### Assigned task:
Beneath this task are records; print exactly the stretch of them from the line with "Peer o murshid" through the line with "京东中国文学历史售价查询网站|中国文学价格走势图", both ends included.
### Available records ###
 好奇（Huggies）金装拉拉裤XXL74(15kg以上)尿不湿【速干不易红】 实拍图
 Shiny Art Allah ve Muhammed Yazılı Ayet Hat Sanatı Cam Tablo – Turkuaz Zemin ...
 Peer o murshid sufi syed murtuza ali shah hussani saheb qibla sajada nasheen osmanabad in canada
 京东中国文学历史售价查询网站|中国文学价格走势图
###
### Available records ###
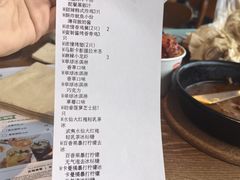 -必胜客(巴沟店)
###
### Exercise solution:
 Peer o murshid sufi syed murtuza ali shah hussani saheb qibla sajada nasheen osmanabad in canada
 京东中国文学历史售价查询网站|中国文学价格走势图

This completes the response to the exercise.